Working with installation and sculpture, with drawing, filmmaking and found objects, Jones’s use of light is the formal element that binds together all his various solo and collaborative projects. Works such as 68 Fletcher Street Bondi, 20:20, 8.6.03 [2003] and White Lines [2005] suggest the stark beauty of the work of Dan Flavin and Donald Judd, yet their simple materials – hanging light bulbs in the case of 68 Fletcher Street and fluorescent tubes in White Lines – reference the pattering found in Indigenous wood and rock carvings. Jones’s works are also profoundly connected to the landscape, both as it is, and as it was. 68 Fletcher Street Bondi is a three dimensional drawing of the Bondi headland, while works commissioned for corporate clients such as Jones’s massive installation of White Lines for Westpac in Sydney’s CBD, are built up from research into the site’s history.

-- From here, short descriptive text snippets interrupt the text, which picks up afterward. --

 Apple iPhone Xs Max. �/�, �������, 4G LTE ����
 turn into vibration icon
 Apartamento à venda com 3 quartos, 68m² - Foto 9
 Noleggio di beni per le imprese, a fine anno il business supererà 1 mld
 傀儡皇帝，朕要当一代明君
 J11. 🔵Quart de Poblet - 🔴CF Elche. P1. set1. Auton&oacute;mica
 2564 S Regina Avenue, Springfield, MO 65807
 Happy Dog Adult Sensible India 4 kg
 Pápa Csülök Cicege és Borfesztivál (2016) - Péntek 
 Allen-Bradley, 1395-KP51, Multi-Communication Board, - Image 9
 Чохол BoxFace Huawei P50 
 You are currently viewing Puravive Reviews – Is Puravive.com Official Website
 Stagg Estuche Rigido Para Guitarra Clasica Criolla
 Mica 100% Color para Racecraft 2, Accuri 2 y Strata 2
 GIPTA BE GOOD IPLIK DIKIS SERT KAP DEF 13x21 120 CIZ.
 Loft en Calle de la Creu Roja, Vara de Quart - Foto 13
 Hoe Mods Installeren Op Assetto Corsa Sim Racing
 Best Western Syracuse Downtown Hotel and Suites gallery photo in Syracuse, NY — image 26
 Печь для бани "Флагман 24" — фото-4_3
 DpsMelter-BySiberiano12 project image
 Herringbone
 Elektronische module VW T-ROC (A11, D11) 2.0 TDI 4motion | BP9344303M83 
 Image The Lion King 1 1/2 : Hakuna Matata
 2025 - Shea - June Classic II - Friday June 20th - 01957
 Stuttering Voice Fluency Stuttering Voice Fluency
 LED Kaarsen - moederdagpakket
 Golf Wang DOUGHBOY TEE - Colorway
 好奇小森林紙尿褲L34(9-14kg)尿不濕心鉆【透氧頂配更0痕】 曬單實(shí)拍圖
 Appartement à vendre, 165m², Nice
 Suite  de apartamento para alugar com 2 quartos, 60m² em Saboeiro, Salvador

Born in 1978, Jones claims Kamilaroi/Wiradjuri heritage. He grew up both in Sydney and in a small town outside Tamworth, moving between members of his extended family. In the country he stayed with his grandmother, a Wiradjuri woman from Bathurst. Jones describes his grandmother as someone “relaxed with her Aboriginality. I got to absorb a sense of that [Aboriginality] from her, and probably more from her than from my grandfather or my mother.” Jones says this maternal influence had a great effect on him, not just in his sense of Aboriginal identity, but as an artist. “I think that those influences were the reason I took the turn I took, as opposed to the rest of the family, who never really embraced their ancestry, their Aboriginality,” says Jones. “I came along as an artist and I’ve been trying to figure that [influence] out.”

As Jones shifted back and forth between city and country his education was fragmentary and incomplete. He dropped out of high school, then went to TAFE. After a stint at NSW University’s College of Fine Art – which he describes as an “inevitable” career choice – he worked as a curator at Boomalli Aboriginal Artists Cooperative in inner city Sydney. While at Boomalli, Jones continued to experiment with art making. “I was interested in materials,” he says. “I was making Vegemite photograms and coating things with vegemite. I was interested in that because it’s a black Australian substance that you either hate or love. Then I was interested in corrugated iron. My great-grandfather was a fencer who used to travel around and apparently lived under a piece of corrugated iron. It was a material that had that association, it was him, but something that’s very Australian. It had a dual meaning.”


It’s this notion of the dual meaning of materials that informs much of Jones’s work. His interest in using lights came about because those were the materials to hand, and his grandfather had shown him how to wire up light fittings. The formal metaphors are another matter. How does he see his work in relation to Western modernism? “What’s Modernism?” he asks, maybe joking. Well, like Flavin and Judd and the concept of the repeatable unit in sculpture? “It came down to what my Pop taught me how to fix around the house,” he says. “I’m not sure why I went towards that. I’ve always liked lights since I’m really scared of the dark. I sort of only became aware of those artists at art school. I don’t see Judd and Flavin as coming from the same context [as me]. But the materiality is similar.”

Jones is probably also joking about being afraid of the dark because, as I ask him how he sees his work in relation to other artists, to various traditions, he calls up a work on paper called Illumination Interplay on the Gallery Barry Keldoulis computer. The work is a series of circles of various sizes laid out in rows, their intersecting circumferences creating complex patterns. Jones traces the outlines of the circles with his finger as he talks. “I’ve become aware of various other artists and what they were doing, but what [my work] comes down to is trying to capture the notion of a community. It’s an idea that perhaps there is one point of light and it’s producing a body of light. What if you put another light with it? There’s an overlap, a linking.”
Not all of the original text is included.